● Records to use:
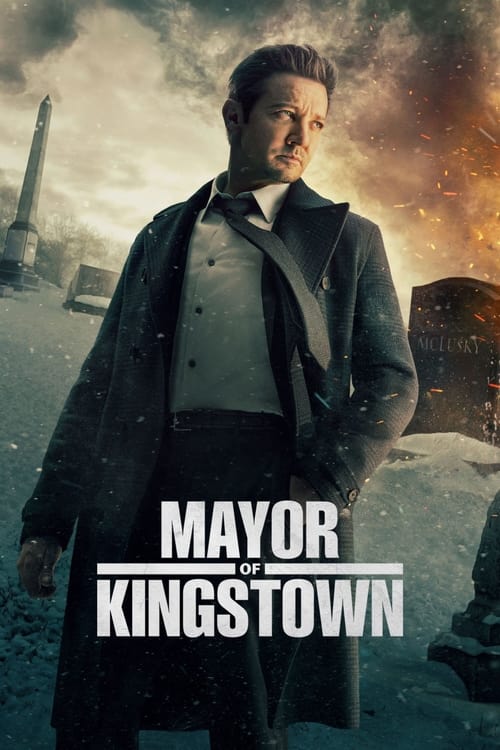 مسلسل Mayor of Kingstown الموسم الثالث الحلقة 04 مترجمة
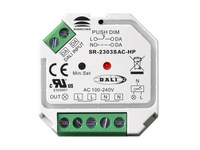 Ściemniacz DALI + Push AC Phase Cut SR-2303SAC-HP Sunricher
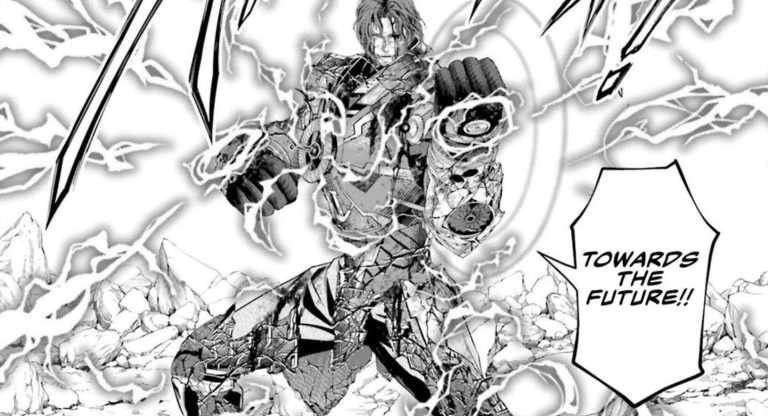 Record Of Ragnarok Chapter 76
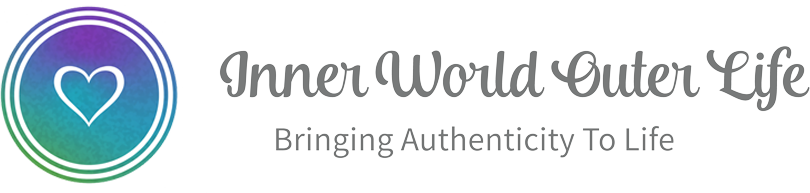 Inner World Outer Life Logo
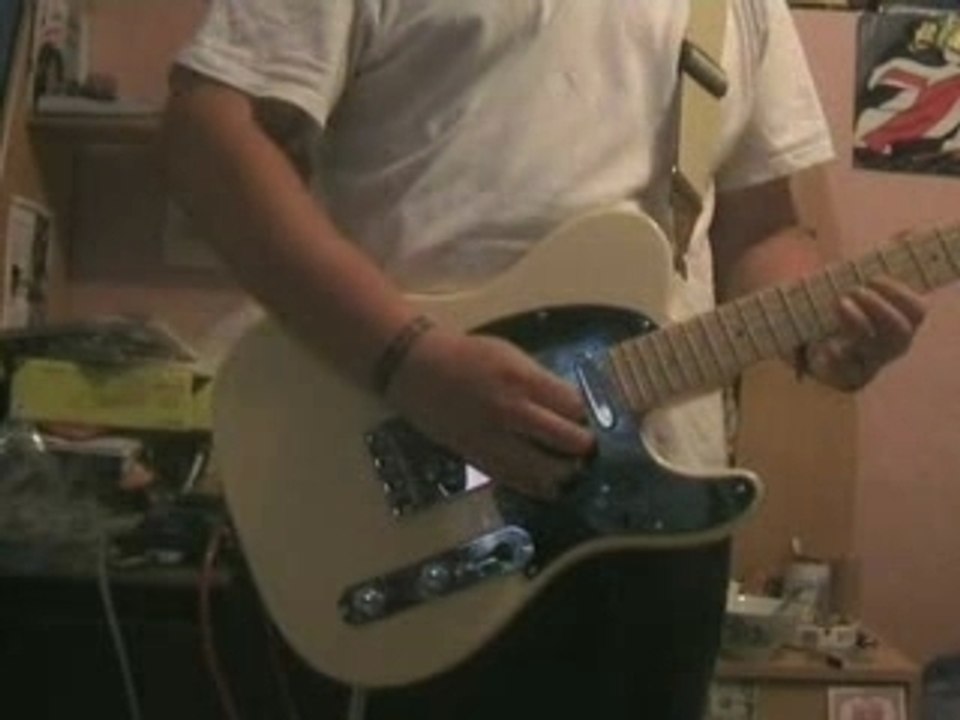 Confortably Numb Solo #1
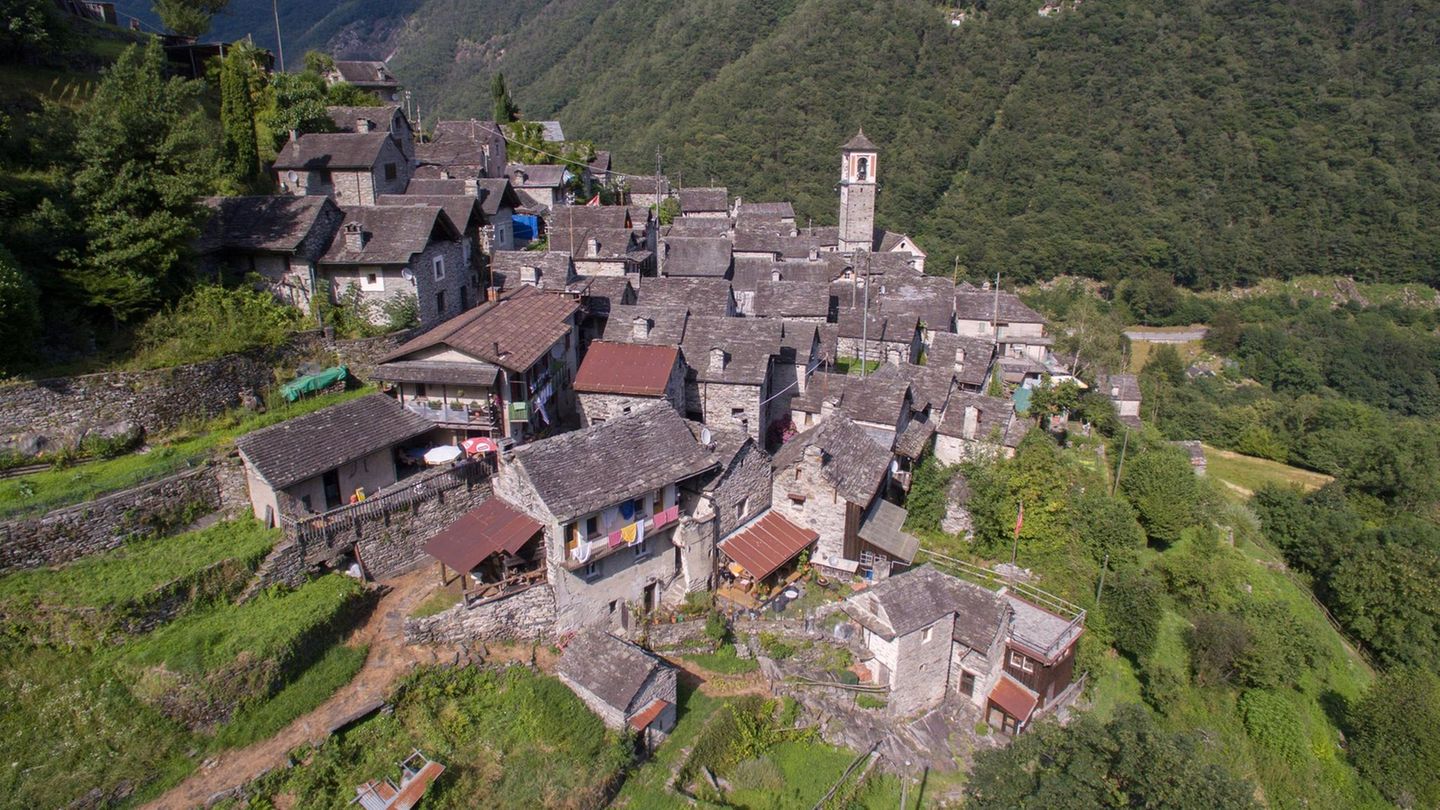 Corippo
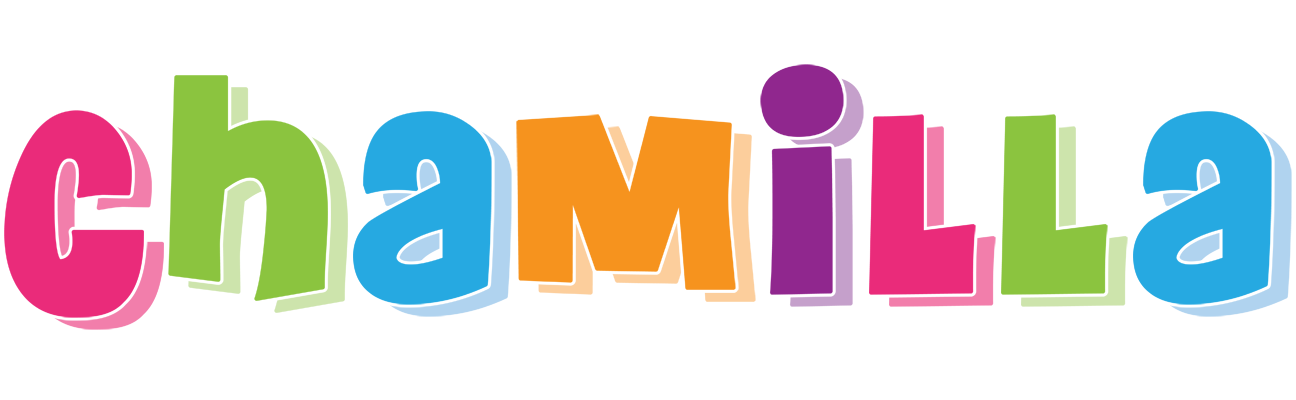 Chamilla friday logo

● Task instructions:
Leaving every picture out, please copy exactly the lines from the one holding "Record Of Ragnarok Chapter 76" through the last line of the listing, both ends included.

● The completed task:
 Record Of Ragnarok Chapter 76
 Inner World Outer Life Logo
 Confortably Numb Solo #1
 Corippo
 Chamilla friday logo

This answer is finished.